Output begins at the line with "If corner pins" and ends at the last line of the records below. Copy each line in that span exactly, and leave out pictures.

##### INPUT DATA #####

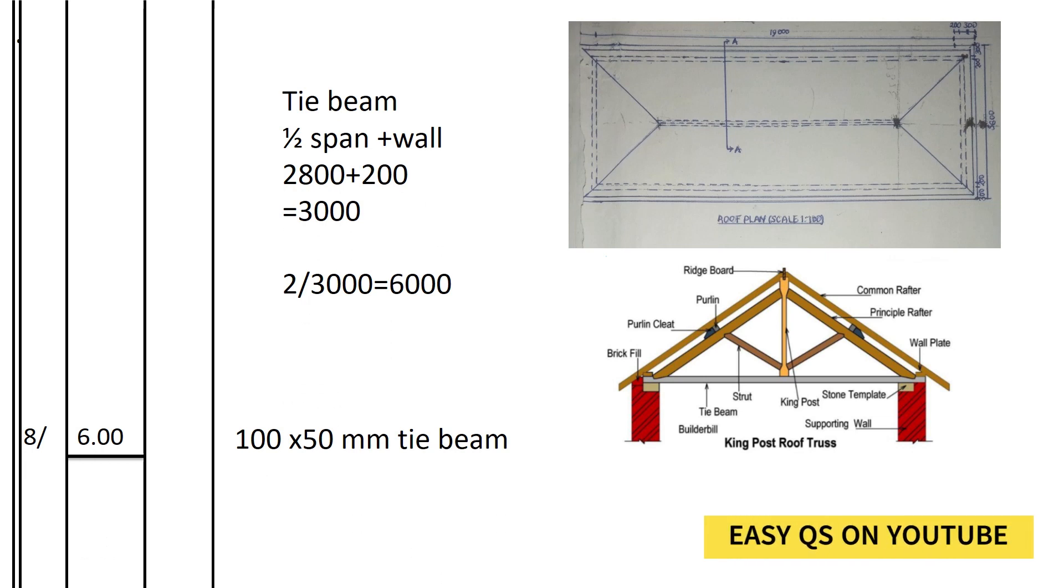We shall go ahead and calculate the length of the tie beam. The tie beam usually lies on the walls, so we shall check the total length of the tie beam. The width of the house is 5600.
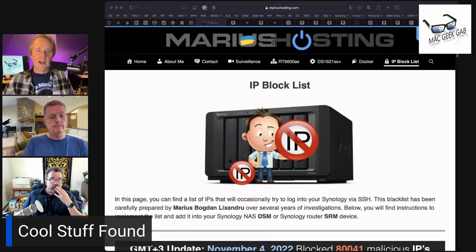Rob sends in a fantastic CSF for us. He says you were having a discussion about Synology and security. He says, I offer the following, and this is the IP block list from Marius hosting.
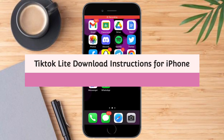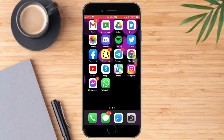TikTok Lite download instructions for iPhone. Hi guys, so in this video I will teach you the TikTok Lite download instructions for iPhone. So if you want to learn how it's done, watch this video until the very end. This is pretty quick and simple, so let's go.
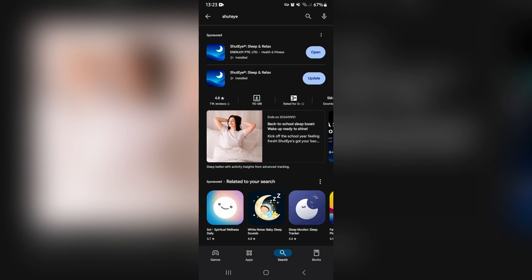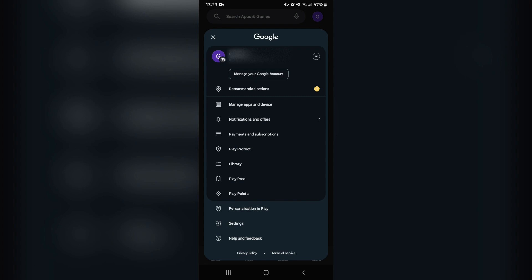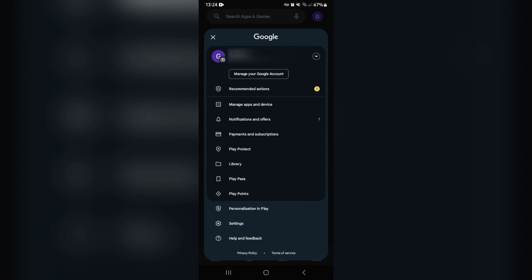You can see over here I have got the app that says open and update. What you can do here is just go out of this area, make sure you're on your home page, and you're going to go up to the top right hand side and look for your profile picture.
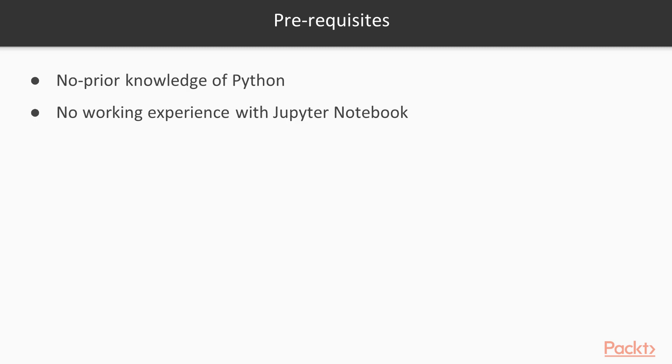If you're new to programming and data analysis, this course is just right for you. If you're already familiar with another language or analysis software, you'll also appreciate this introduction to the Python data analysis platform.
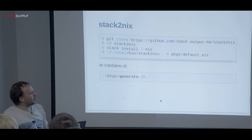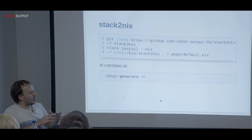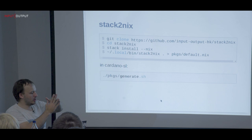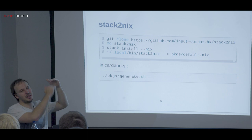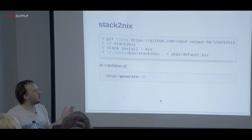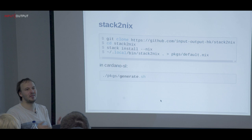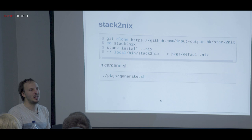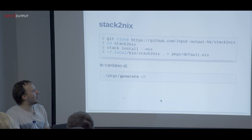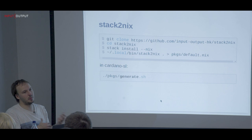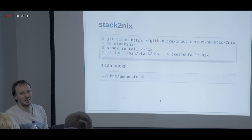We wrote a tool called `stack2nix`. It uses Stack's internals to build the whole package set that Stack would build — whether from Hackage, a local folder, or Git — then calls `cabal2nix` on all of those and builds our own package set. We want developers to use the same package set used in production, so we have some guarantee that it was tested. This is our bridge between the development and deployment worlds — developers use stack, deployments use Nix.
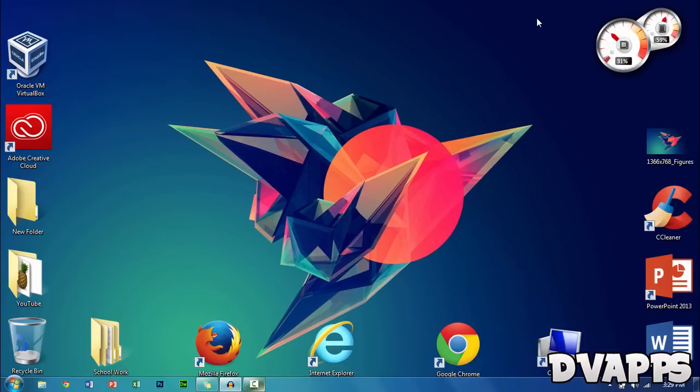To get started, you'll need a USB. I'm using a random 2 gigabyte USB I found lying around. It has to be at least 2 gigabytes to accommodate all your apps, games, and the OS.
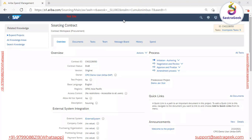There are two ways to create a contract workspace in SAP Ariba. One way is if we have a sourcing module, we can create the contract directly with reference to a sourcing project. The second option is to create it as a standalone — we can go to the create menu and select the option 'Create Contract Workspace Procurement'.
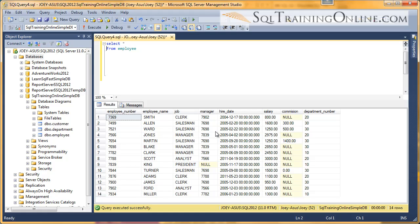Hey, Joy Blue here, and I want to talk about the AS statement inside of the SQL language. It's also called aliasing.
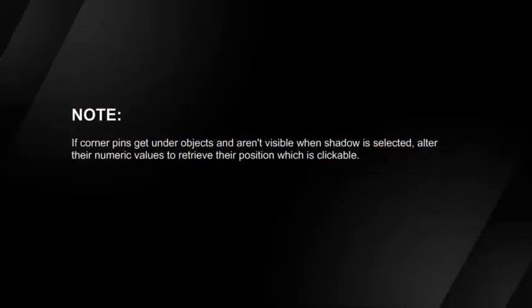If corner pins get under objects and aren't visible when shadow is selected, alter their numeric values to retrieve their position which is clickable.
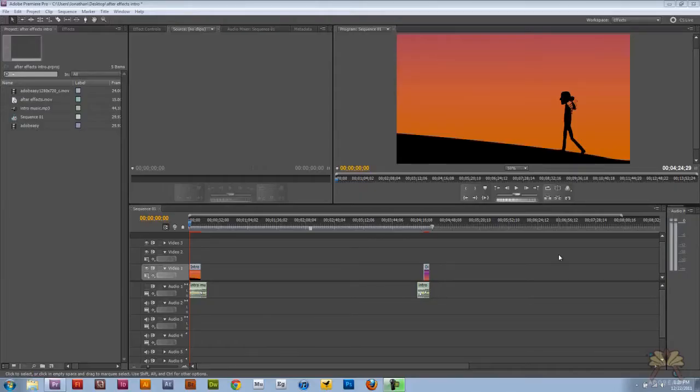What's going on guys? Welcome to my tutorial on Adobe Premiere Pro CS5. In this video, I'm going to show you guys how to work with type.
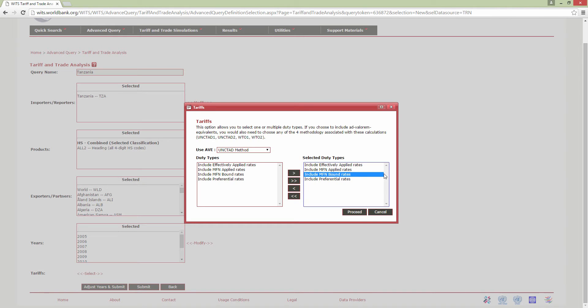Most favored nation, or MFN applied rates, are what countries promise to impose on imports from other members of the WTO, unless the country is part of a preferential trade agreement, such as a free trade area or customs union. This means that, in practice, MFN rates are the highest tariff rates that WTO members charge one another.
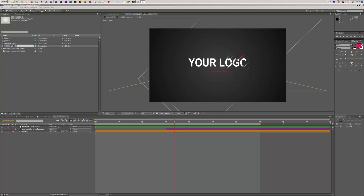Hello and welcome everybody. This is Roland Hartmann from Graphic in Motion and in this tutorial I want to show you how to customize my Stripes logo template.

#####

▶ [YOUR RESPONSE]
If corner pins get under objects and aren't visible when shadow is selected, alter their numeric values to retrieve their position which is clickable.
What's going on guys? Welcome to my tutorial on Adobe Premiere Pro CS5. In this video, I'm going to show you guys how to work with type.
Most favored nation, or MFN applied rates, are what countries promise to impose on imports from other members of the WTO, unless the country is part of a preferential trade agreement, such as a free trade area or customs union. This means that, in practice, MFN rates are the highest tariff rates that WTO members charge one another.
Hello and welcome everybody. This is Roland Hartmann from Graphic in Motion and in this tutorial I want to show you how to customize my Stripes logo template.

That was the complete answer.